As a result the rate for Davis residents will rise merely for the new sewage system by at least 7 to 8 percent per year for the next 10 years–or double the projected rate of inflation.
Davis Public Works Director Bob Weir projected that these rates would end up costing the average single-family residence at least $102 per month in utilities.
The upgrade in the sewage system is necessitated by changes in state and federal laws regarding wastewater outflow. These laws currently place the city out of compliance in terms of organic and particulate matter in the water discharge.
In the meantime these rate hikes are just the tip of the iceberg for Davis residents. The other half of the story is the Davis-Woodland Water Supply Project.
This project as we have discussed previously is a $300-$450 million project.
According to the water supply page:
“The partners are pursuing this project to secure a new, high-quality surface water supply from the Sacramento River. Currently, groundwater serves as the sole supply of water for the partners. A new, treated surface water source is needed to improve water quality for Woodland, Davis and UC Davis to meet future wastewater discharge requirements. The partners also want to ensure that an adequate and diversified future water supply is available.”
The project is currently in the environmental documentation phase, and Draft EIR has been prepared and available for review for a 50-day period ending May 31. Any public willing to submit comments may do so at the May 16, 2007 Davis City Council Meeting.
The project relies on a diversion of water from the Sacramento River, it will then be piped into an intake water treatment plant and connected with the cities. It has three primary goals: (1) “Provide a reliable water supply to meet existing and future needs;” (2) “improve water quality for drinking water purposes;” and (3) “improve the quality of treated wastewater effluent discharged by the Project Partners.”
According to the EIR, there will be up to 46.1 thousand acre feet of water per year from the river for water use.
They argue that there will be no significant impact on fish, aquatic resources, and habitats, hydrology, or water quality in the Sacramento River or downstream delta. That may be accurate on the basis simply of the impact of this specific project’s usage, but the broader concern would have to be the stress on this system as more and more community scramble to gain control over water from the Sacramento River in lieu of pending water shortages and changes in the climate due to global warming. Any one project’s impact may be low, but it would be interesting to see what the combined or overall impact might be.
They argue that there will be short-term construction impacts such as dust and noise. However, they do not discuss the impact of building the pipeline across those miles of habitat.
Summer water purchases will not result in significant environmental impacts, however, as the presentation earlier this year suggested, there is likely not going to be water available to Davis during the summer months anyway. So it is unsurprising that the summer water purchases would not result in significant environmental impacts.

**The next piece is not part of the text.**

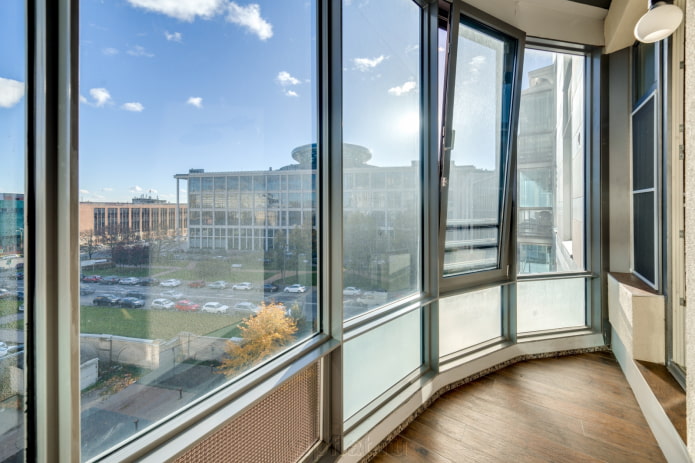 fenêtres vitrées pour le balcon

While I am far from a water expert, it seems to me that this EIR is inadequate. During the public meetings and workshop earlier this year, Mayor Greenwald suggested we have an independent agency and experts examine the water project for necessity. According to the EIR, the City of Davis is the lead agency for complying with the CEQA act. As I suggest, there seem to be a number of issues that are simply not addressed adequately in the report.
The key questions I have continue to have are the overall impact of a delicate ecological system of the delta. This EIR looked only at the impact of this particular project on the delta rather than any sort of cumulative impact. Second, would be the issue of availability of water.
As discussed previously, the main argument for proceeding with this project now is to gain a foothold on Davis’ share of water from the Sacramento River before other communities that will likely jump on board. The problem with that viewpoint is that if there actually becomes a crisis, there is no guarantee we would be able to retain those water rights.
The final problem with the water supply issue that we are planning for urban growth for a city of 100,000 people within the next 40 years. A realistic view of the resources in California coupled with expected climate change, simply does not support those kind of population growths in this part of the state where water is seasonal and increasingly unreliable.
It would be nice if other alternatives for water supply would have been more thoroughly explored during the recent process, but that does not seem to be a priority.
In the meantime, the city of Davis is looking to embark on two very expensive projects and those on fixed incomes will take a huge hit. That means seniors and other people least able to handle increased costs of living will be the first to feel its impacts. The city needs to seriously examine how they structure these rates–right now they are proposing flat rates, which would be devastating to low income and fixed income people. That should be a top priority in rate structuring.